Michael Klosson, U.S. Consul General, Hong Kong
Remarks at American Chamber of Commerce Luncheon
Hong Kong
June 6, 2002

I am very pleased to have this opportunity to speak with you today in what is likely to be my last major speech in Hong Kong before my scheduled reassignment next month.

It seems like only yesterday when I first spoke to this Chamber in October 1999. But that is Hong Kong -- life lived at fast-forward. So we are coming full circle after three years, although I hope you don't think the Consulate has just been going around in circles during that period!

I have benefited enormously from working closely with the Chamber. I have welcomed your insights, valued your counsel, and looked to you for support. I have also enjoyed your friendship. I have spent more hours with Chamber leaders like Frank Martin -- one of the few constants in this city of change -- and chairpersons Jim Thompson, Paula DeLisle, Dick Kahler, and Jason Felton than with anyone else outside the Consulate.

Over the 5 five years, Hong Kong has witnessed lots of change, but also confirmed important constants. Today, I'd like to look back at developments over the past several years and offer a few thoughts on challenges ahead for a city that I have been associated with for over three decades, albeit much of the time as a "virtual expat."

War on Terrorism

Let me start off, however, with the seismic events of September 11, and the campaign against terrorism. No one will forget the horrific loss of life that day -- victims from almost 80 countries, including China and Hong Kong. Americans in Hong Kong will long remember the warm, spontaneous outflow of sympathy we received from people of all walks of life. And I will long remember the candles outside the Consulate gate and the moving ceremony last September when Americans and Hong Kongers gathered together in City Hall to honor the victims of terrorism.

September 11 was a transforming experience. The unequivocal reaction that day of Chief Executive Tung and other Hong Kong authorities boosted our bilateral partnership. Cooperation between our law enforcement agencies moved into even higher gear. And, as this year's president of the Financial Action Task Force, Hong Kong helped lead that organization to work on cutting off the financial lifeblood of terrorist groups.

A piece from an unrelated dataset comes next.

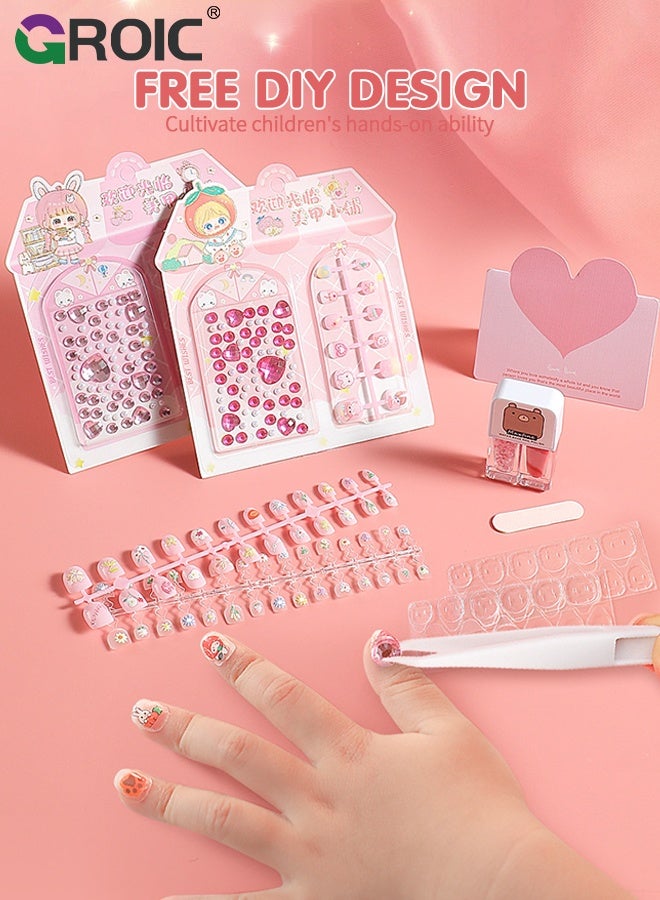GROIC Kids Nail Art Set for Girls - Press on Nails Set, Nail Polish Set, Jewelry Boxes Hair Accessories, Makeup Kit, Pre Glue Stickers Nails Full Cover Short Acrylic Nails Set Toddler Birthday Gifts Princess Toys - Image 5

We have made great strides against al Qaida, but the campaign against terrorism is far from over. International cooperation, determination, and, as Secretary for Security Regina Ip reminded us recently, continued vigilance are required everywhere.

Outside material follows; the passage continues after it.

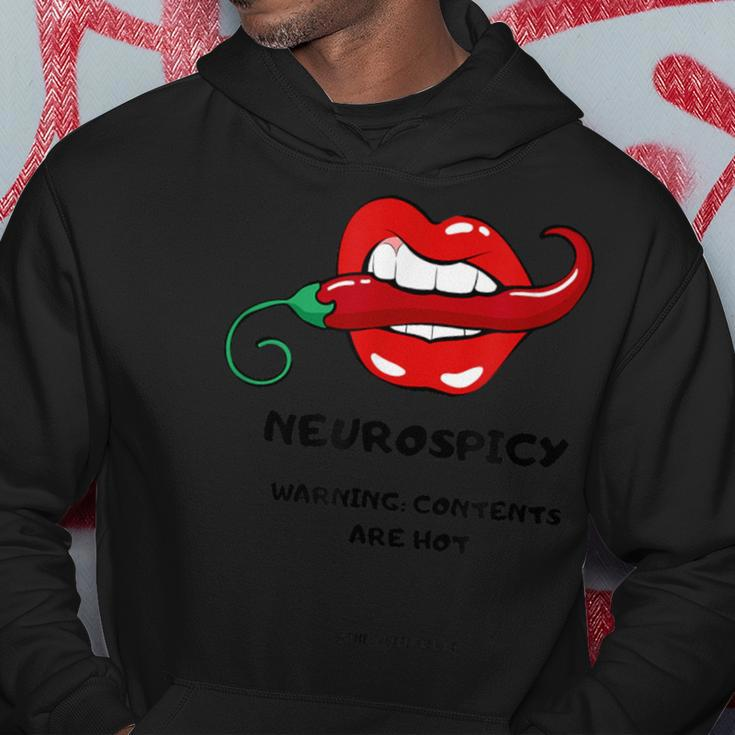 NeuroSpicy Grafik Hoodie mit Feurigem Mund Design - Schwarz Lustige Geschenke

We look forward to Hong Kong soon enacting legislation introduced in April to criminalize terrorist financing as required by new UN resolutions. We also look forward to Hong Kong's active participation in the "Container Security Initiative." Today, we have a team in town to discuss with Hong Kong authorities how to enhance cooperation between our customs services. In that way, we all can better protect legitimate trade from catastrophic disruption. Hong Kong's position is critical, and vulnerable: As the Number One foreign port-of-origin for U.S.-bound container traffic, Hong Kong each year sends about 1.6 million containers to the U.S.-Hong Kong's cooperation is thus essential to the campaign.

Five Years after the Handover

Turning to the transition, it's hard to believe that 5 years have already gone by. What can we say about the experience? First, Hong Kong remains in the news, sometimes even on the cover of international magazines, and its ups and downs are chronicled in all kinds of ratings. And second, Hong Kong continues to evoke a variety of images.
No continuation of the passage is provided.